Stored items
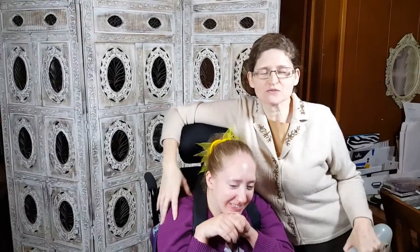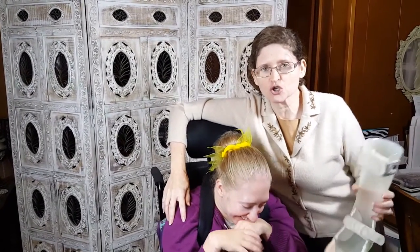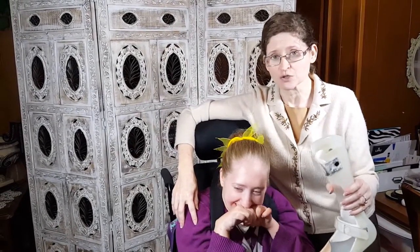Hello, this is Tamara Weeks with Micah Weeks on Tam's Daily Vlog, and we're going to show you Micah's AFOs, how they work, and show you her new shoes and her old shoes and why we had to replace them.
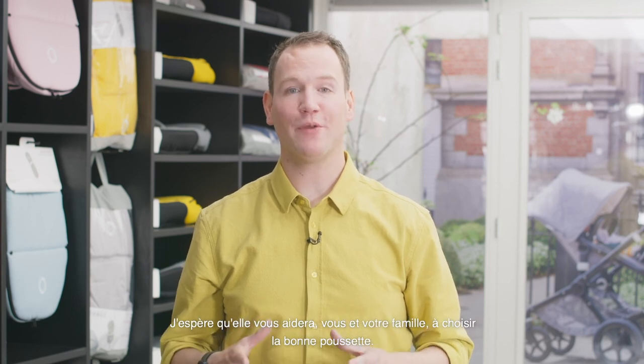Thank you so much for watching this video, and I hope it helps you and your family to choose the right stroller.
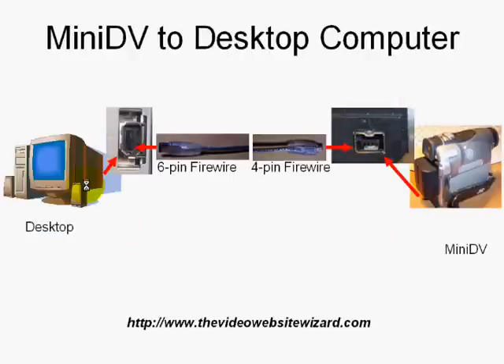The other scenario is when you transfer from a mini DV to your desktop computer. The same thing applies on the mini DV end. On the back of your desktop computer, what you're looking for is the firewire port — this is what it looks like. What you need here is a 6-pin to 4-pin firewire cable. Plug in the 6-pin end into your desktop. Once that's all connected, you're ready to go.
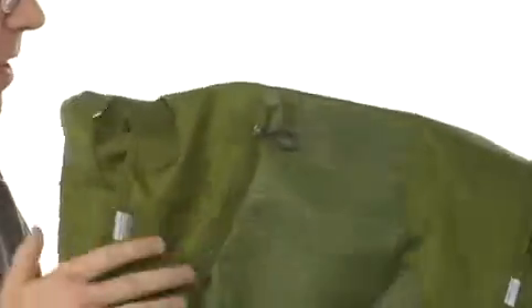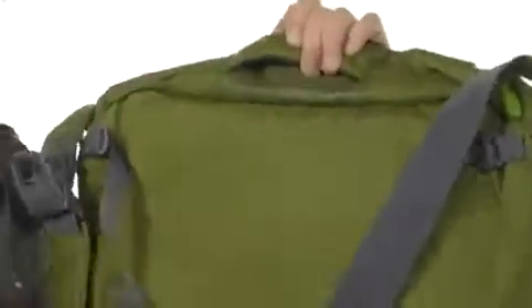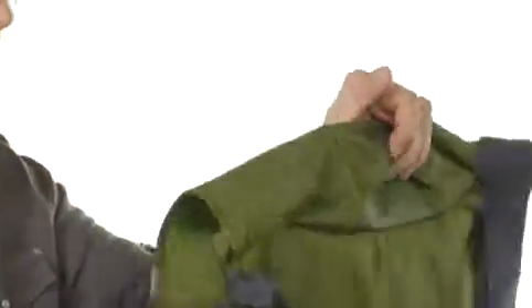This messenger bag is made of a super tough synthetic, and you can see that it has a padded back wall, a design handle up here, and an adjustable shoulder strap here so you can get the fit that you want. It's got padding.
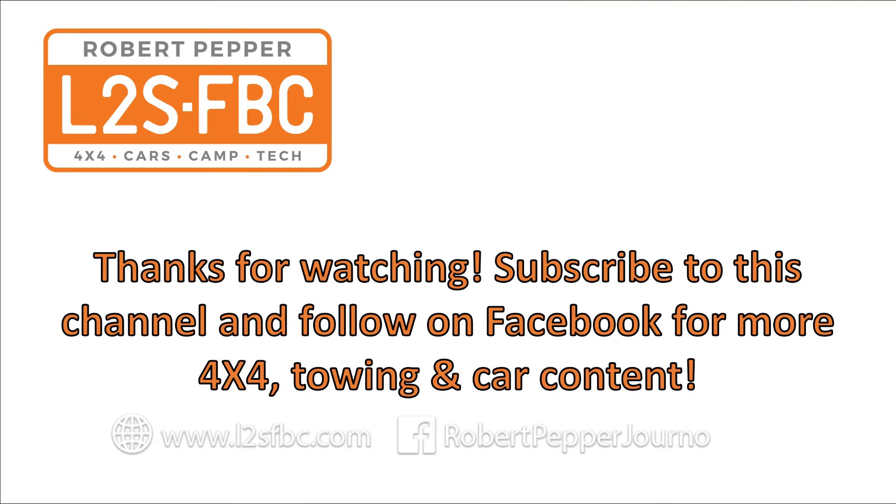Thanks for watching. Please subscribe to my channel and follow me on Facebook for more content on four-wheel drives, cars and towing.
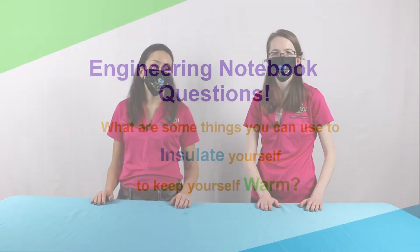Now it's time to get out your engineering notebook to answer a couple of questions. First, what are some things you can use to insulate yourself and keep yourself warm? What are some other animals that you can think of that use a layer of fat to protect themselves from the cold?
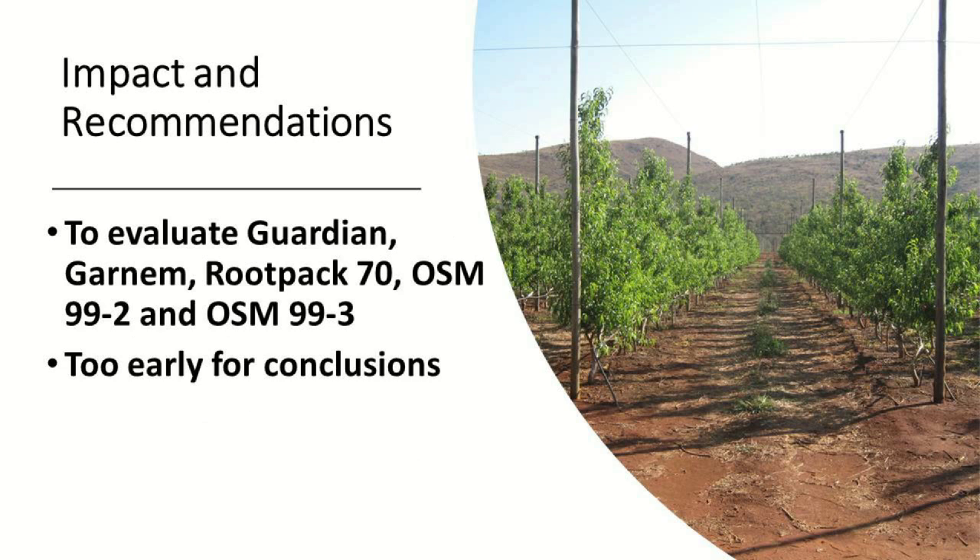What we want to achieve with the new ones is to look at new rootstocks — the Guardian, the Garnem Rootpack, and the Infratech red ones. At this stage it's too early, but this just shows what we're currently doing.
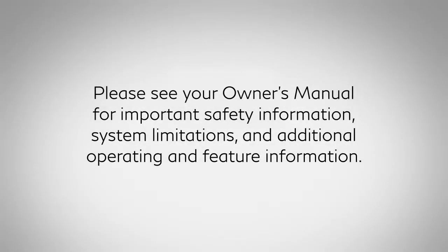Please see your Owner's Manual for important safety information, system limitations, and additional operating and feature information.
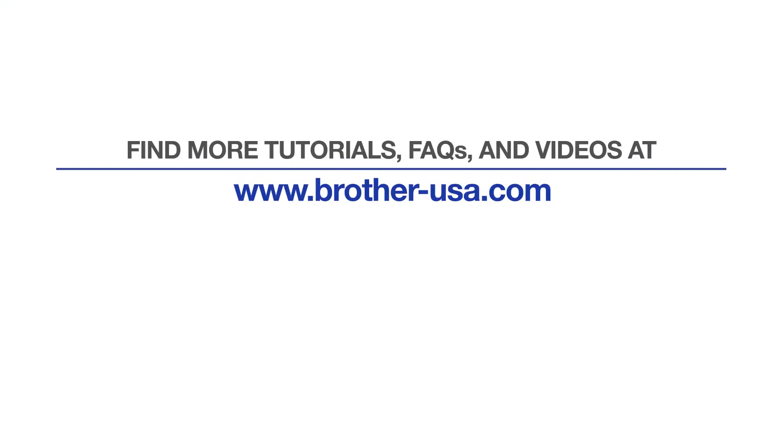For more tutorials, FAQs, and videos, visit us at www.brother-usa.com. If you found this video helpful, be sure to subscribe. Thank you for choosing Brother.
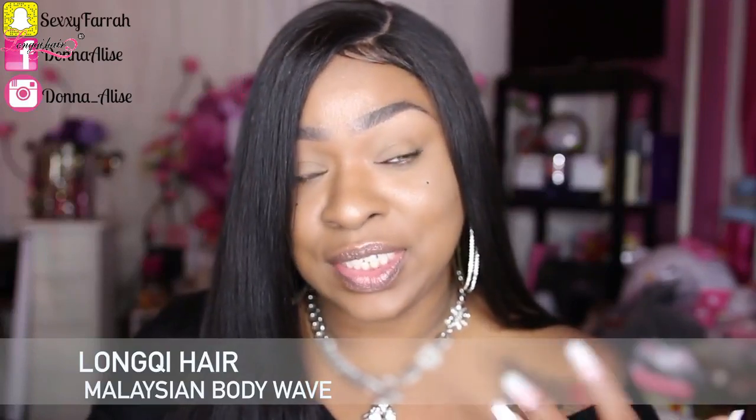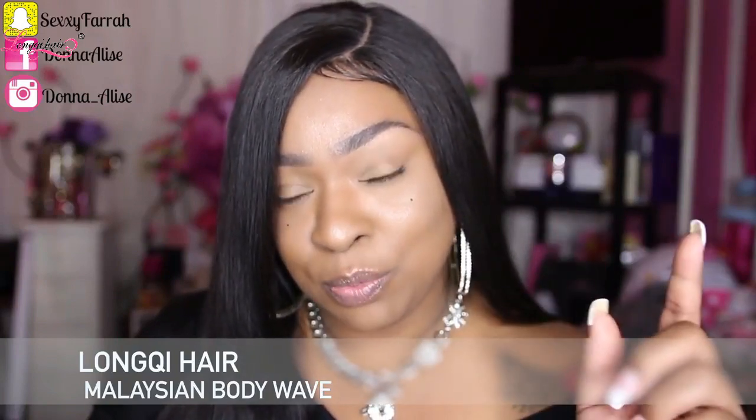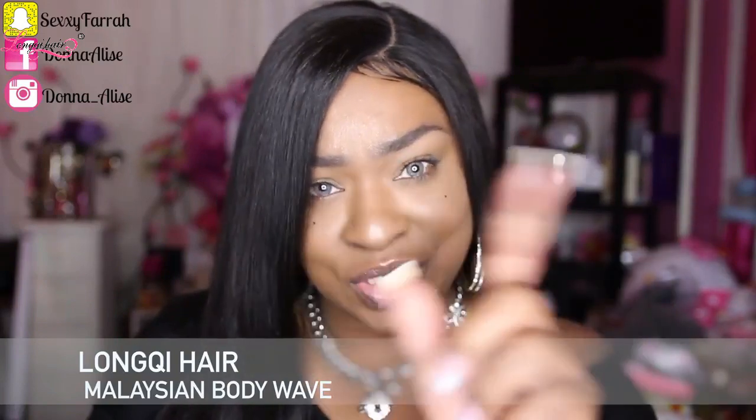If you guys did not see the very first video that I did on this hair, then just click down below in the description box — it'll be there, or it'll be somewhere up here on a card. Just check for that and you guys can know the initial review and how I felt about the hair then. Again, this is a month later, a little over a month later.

Directions for this task →
Go through the records above and write out every line exactly, passing over the pictures.

Output below →
Hello, this is Tamara Weeks with Micah Weeks on Tam's Daily Vlog, and we're going to show you Micah's AFOs, how they work, and show you her new shoes and her old shoes and why we had to replace them.
Thank you so much for watching this video, and I hope it helps you and your family to choose the right stroller.
The other scenario is when you transfer from a mini DV to your desktop computer. The same thing applies on the mini DV end. On the back of your desktop computer, what you're looking for is the firewire port — this is what it looks like. What you need here is a 6-pin to 4-pin firewire cable. Plug in the 6-pin end into your desktop. Once that's all connected, you're ready to go.
This messenger bag is made of a super tough synthetic, and you can see that it has a padded back wall, a design handle up here, and an adjustable shoulder strap here so you can get the fit that you want. It's got padding.
Thanks for watching. Please subscribe to my channel and follow me on Facebook for more content on four-wheel drives, cars and towing.
Now it's time to get out your engineering notebook to answer a couple of questions. First, what are some things you can use to insulate yourself and keep yourself warm? What are some other animals that you can think of that use a layer of fat to protect themselves from the cold?
What we want to achieve with the new ones is to look at new rootstocks — the Guardian, the Garnem Rootpack, and the Infratech red ones. At this stage it's too early, but this just shows what we're currently doing.
Please see your Owner's Manual for important safety information, system limitations, and additional operating and feature information.
For more tutorials, FAQs, and videos, visit us at www.brother-usa.com. If you found this video helpful, be sure to subscribe. Thank you for choosing Brother.
If you guys did not see the very first video that I did on this hair, then just click down below in the description box — it'll be there, or it'll be somewhere up here on a card. Just check for that and you guys can know the initial review and how I felt about the hair then. Again, this is a month later, a little over a month later.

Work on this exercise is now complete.